Navigating Bitumen for a Successful Glue Down Vinyl Installation – When Parquet Flooring’s Past Haunts the Present
Bitumen. It’s the ghost of floor installations past—especially in older South African homes with a legacy of parquet flooring, known locally as ‘blokkies’ flooring. At Floor Mechanics, we recently tackled a prime example of how this outdated adhesive method can derail even the best-laid renovation plans without the right expertise.
The Surprise Below: Residual Bitumen from Old Parquet Flooring
Our team was contracted for a full-home floor installation of luxury vinyl planks (LVP), using a glue down vinyl method. The existing 1980s carpet was to be removed, and the substrate prepped for the new finish.
Once the carpet was lifted, we discovered extensive bitumen contamination throughout the substrate.
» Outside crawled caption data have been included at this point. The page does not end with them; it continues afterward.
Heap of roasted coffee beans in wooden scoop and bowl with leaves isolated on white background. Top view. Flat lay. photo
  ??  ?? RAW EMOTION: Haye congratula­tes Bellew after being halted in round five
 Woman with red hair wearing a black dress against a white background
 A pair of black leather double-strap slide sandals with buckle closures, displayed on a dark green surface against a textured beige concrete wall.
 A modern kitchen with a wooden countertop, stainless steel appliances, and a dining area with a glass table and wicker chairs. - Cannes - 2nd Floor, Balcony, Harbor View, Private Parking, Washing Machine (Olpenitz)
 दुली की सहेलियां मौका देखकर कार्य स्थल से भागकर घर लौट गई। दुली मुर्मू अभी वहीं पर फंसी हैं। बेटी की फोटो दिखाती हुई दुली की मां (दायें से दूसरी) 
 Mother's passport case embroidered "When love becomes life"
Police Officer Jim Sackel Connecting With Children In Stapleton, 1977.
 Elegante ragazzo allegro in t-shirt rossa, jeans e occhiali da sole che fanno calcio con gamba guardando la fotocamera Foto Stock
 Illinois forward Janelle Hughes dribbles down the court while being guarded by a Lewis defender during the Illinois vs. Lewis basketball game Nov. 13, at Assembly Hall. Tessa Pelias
This black, oily residue was the remnant of a previous parquet flooring installation—most likely Zimbabwean Teak tiles—glued down decades ago using bitumen, a common practice in the Western Cape.
Bitumen was once prized for its strength and durability as an adhesive. But in today’s flooring world, it’s a major headache, especially given that there are more (better) solutions. Especially when preparing a surface for modern glue down vinyl flooring, bitumen can severely interfere with the bonding of primers, screeds, and adhesives.
The Risk: Why Bitumen is a Problem for Floor Installation
Standard primers and self-leveling screeds don’t adhere well to bitumen-contaminated surfaces. Worse, some installers try shortcuts—chipping at the surface to give new materials something to grip. We’ve seen the aftermath of these shortcuts: delaminated floors, adhesive failures, and expensive repairs.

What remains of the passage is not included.